Once you have found the line with "powiększ zdjęcie: 80" in the records below, retype it and every line after it to the end exactly, with no pictures and nothing more.
[THE DATA]
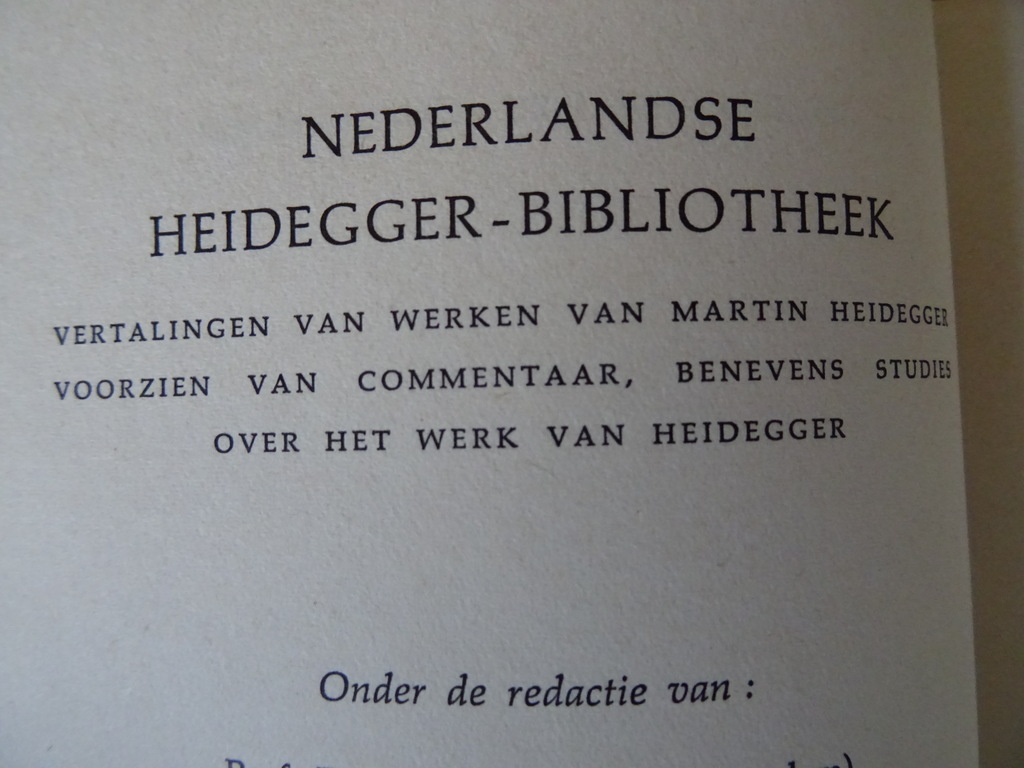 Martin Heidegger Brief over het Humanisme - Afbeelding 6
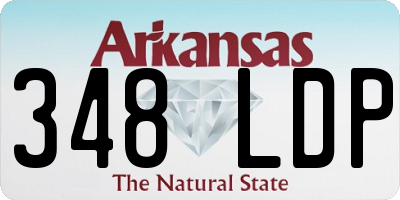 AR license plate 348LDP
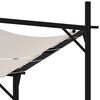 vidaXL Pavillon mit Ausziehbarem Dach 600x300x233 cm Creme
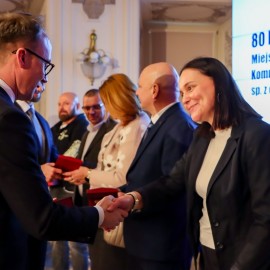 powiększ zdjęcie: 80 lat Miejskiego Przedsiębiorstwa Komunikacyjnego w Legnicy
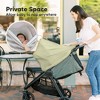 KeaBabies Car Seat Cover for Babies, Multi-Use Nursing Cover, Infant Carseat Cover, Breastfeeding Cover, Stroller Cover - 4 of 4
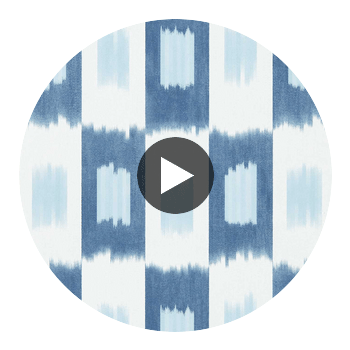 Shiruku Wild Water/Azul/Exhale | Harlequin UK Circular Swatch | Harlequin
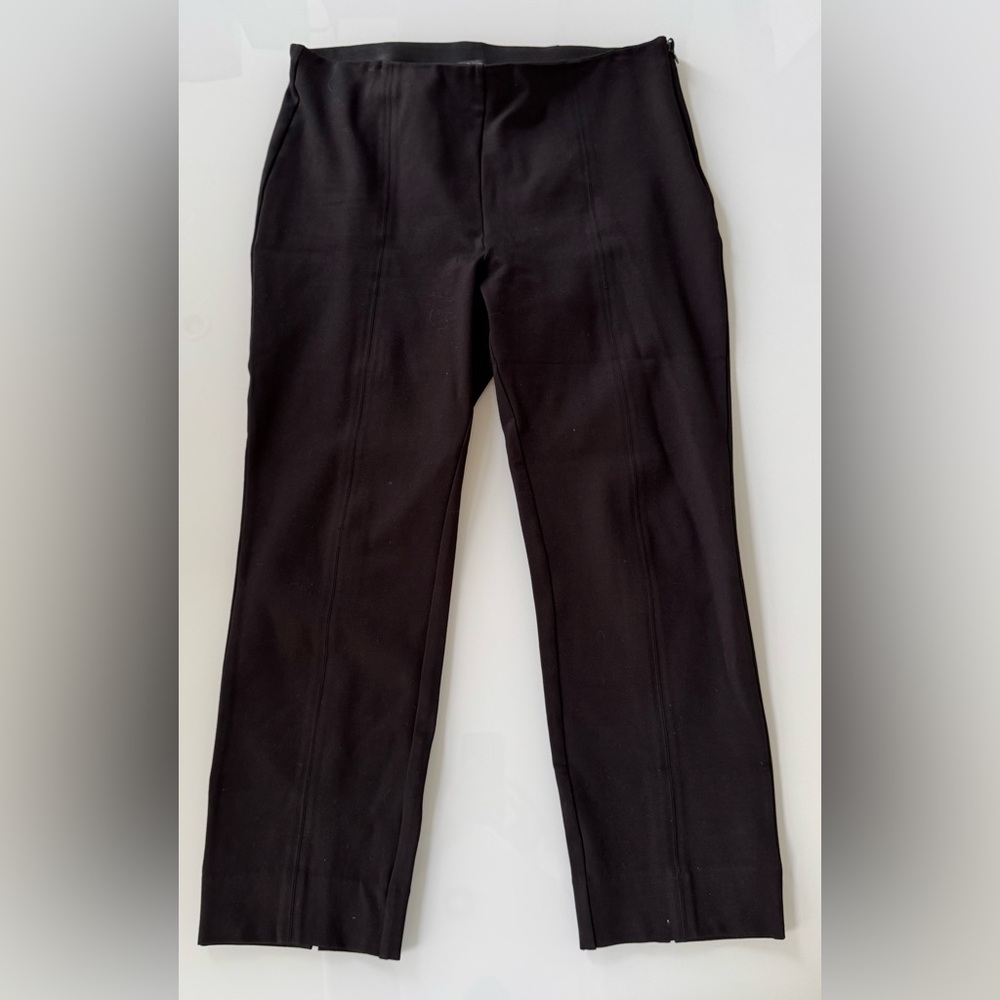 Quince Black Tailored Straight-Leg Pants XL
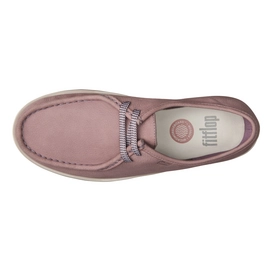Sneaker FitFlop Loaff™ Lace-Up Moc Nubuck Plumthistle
[/THE DATA]
> _RESULT_
 powiększ zdjęcie: 80 lat Miejskiego Przedsiębiorstwa Komunikacyjnego w Legnicy
 KeaBabies Car Seat Cover for Babies, Multi-Use Nursing Cover, Infant Carseat Cover, Breastfeeding Cover, Stroller Cover - 4 of 4
 Shiruku Wild Water/Azul/Exhale | Harlequin UK Circular Swatch | Harlequin
 Quince Black Tailored Straight-Leg Pants XL
Sneaker FitFlop Loaff™ Lace-Up Moc Nubuck Plumthistle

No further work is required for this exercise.